Prompt: Would you transcribe each entry precisely as it stands, setting aside any images?

Data for processing:
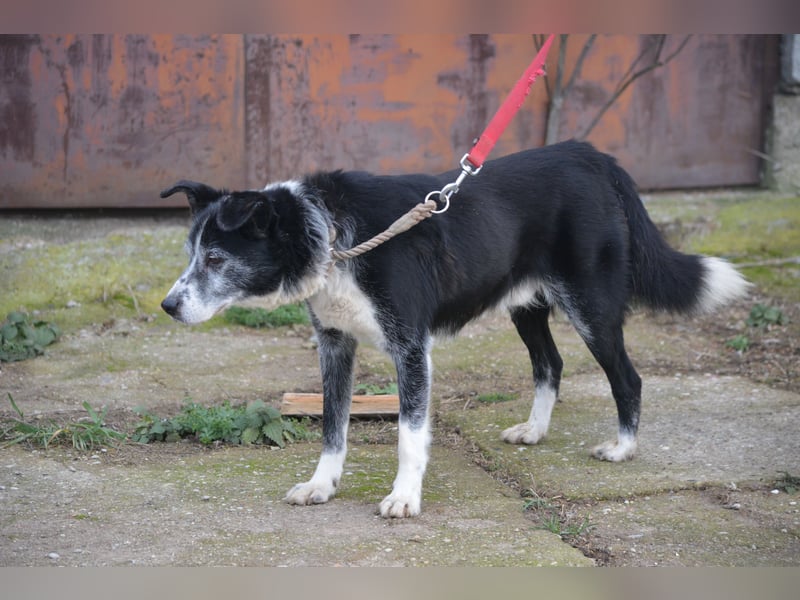 Sehr sanfter und ruhiger Rüde KLAUSI sucht ein gemütliches Plätzchen, gut verträglich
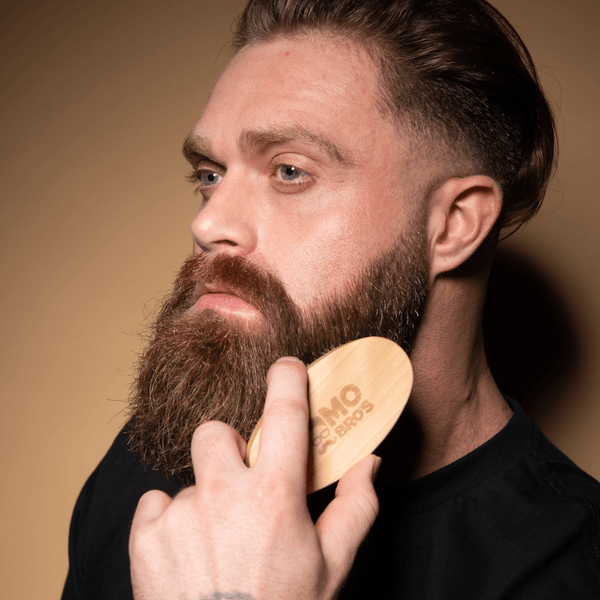 Mo Bro's Beard Brush Review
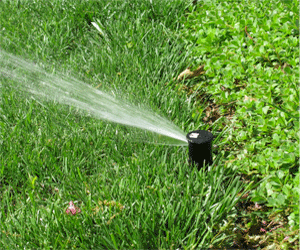 Image of lawn irrigation head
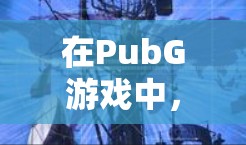 在PubG游戏中，以下几种方式可以使用免费的加速器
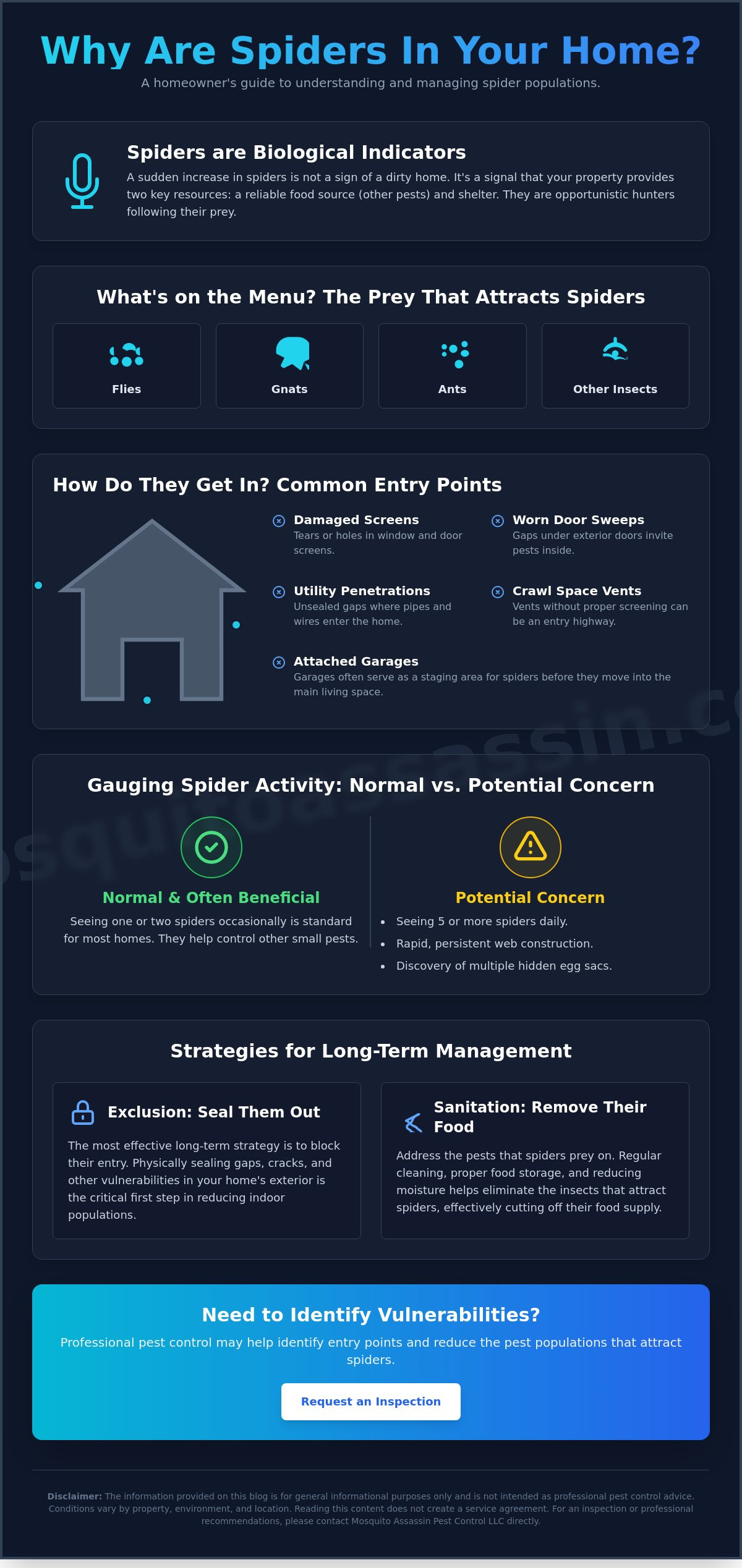 Why Do I Have So Many Spiders in My House? Causes and Solutions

Solution to this task:
 Sehr sanfter und ruhiger Rüde KLAUSI sucht ein gemütliches Plätzchen, gut verträglich
 Mo Bro's Beard Brush Review
 Image of lawn irrigation head
 在PubG游戏中，以下几种方式可以使用免费的加速器
 Why Do I Have So Many Spiders in My House? Causes and Solutions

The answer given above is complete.